Super-X – invented by physicists at the University of Texas but never tested – will act as a longer exhaust pipe for the plasma. An extra set of magnetic coils steer the hot particles over a greater distance, allowing them to cool down sufficiently by the time they come into contact with the divertor’s surface. With this new geometry (and novel additional cooling schemes, such as the injection of noble gases to increase radiative power loss) it is estimated that power loads on a Super-X divertor will be at least three to four times lower than conventional divertor designs. MAST Upgrade will be able to switch between configurations to compare their performance. It will go into operation early next year, and the plasma tests in the following months will show whether these predictions are correct.

The work at MAST Upgrade is part of a wider European research programme on divertor technologies, co-ordinated by the EUROfusion scientific consortium. EUROfusion (along with the UK’s Engineering & Physical Sciences Research Council) has just invested in a £21 million series of enhancements to MAST Upgrade between now and 2022, which is a welcome sign that the UK will continue to be fully involved in the European fusion community beyond Brexit. The divertor development programme also involves the TCV tokamak in Switzerland and the ASDEX Upgrade experiment in Germany. Its aim is to explore a range of divertor concepts with different magnetic geometries – from Super-X to the exotically-named ‘snowflake’ and ‘double-decker’ – to find out which is most suitable for future reactors. The results will be fed into the design of the European prototype fusion power station – nicknamed DEMO – which aims to put fusion electricity on the grid by 2050.

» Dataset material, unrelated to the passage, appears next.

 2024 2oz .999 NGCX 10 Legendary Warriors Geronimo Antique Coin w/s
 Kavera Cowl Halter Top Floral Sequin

Whether Super-X or another divertor design emerges as the winner, the importance for fusion cannot be underestimated. Durable exhaust systems are crucial for practical and economically viable fusion power plants. Reduced power loadings will mean that divertor components can survive for longer and have to be replaced much less frequently. This should result in reactors that have reduced downtime and are cheaper to run – increasing fusion’s chances of competing in the electricity market. Overcoming the plasma exhaust challenge, then, could help pave the way for a successful DEMO reactor and, ultimately, commercial plants supplying a new large-scale source of energy that the world desperately needs.

Author: Dr Andrew Kirk, UK Atomic Energy Authority